Again, the studio played it straight, taking audiences by surprise. Publicity went all out, overplaying its hand with horror hype that invited moviegoers to “step through the darkness, along touchstones of terror with the raven tapping evermore.” Lending the picture far more literary merit than it deserved, Lorre even maintained that the Poe team worked the author’s satirical sense of humor and dead wit into the picture. Although AIP claimed to have brought to the screen “the basic element of Poe’s great work,” The Raven bore almost no resemblance to its namesake. The publicity department capitalized on Price, Karloff, and Lorre’s first screen collaboration and fostered the idea that their collective power to horrify outweighed their individual efforts: “Now it lives on the giant motion picture screen in color and Panavision, starring the trio that make up the great TRIUMVIRATE OF TERROR—Vincent Price, Peter Lorre, Boris Karloff—greater than Dracula, Werewolf and Frankenstein together. Come on an adventure into monstrous terror, as gruesome, as great as the genius who created it.” A promotional recording for the film included Lorre reading portions of the poem, with Karloff telling moviegoers that “this is a sample of what happens in Edgar Allan Poe’s ‘The Raven’ … before the picture ends, I guarantee your blood will run cold…. Have I disturbed you? Oh, I didn’t mean to. I want you to see Edgar Allan Poe’s The Raven. You see, I share in the box office receipts.”

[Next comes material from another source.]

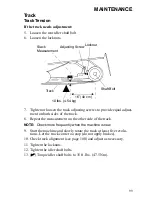 Предварительный просмотр 102 страницы Polaris SuperSport Owner'S Manual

In The Raven, Lorre appeared as a rain-soaked raven that regains his human form in the gnomish figure of Dr. Bedlo, a medieval sorcerer, only to be reduced to a pool of raspberry jam before once more changing into a bird. After reading the script and agreeing that it made no sense, Price, Lorre, and Karloff wrote some additional jokes and brought them to Corman. “Roger just let the thing roll,” said costar Hazel Court. “He let the three of them have a go.” To set the mood, Price, who later said he played the role of Dr. Craven with his tongue in both cheeks, walked across his study, bumping his head on the end of a telescope, tipping off the audience right away.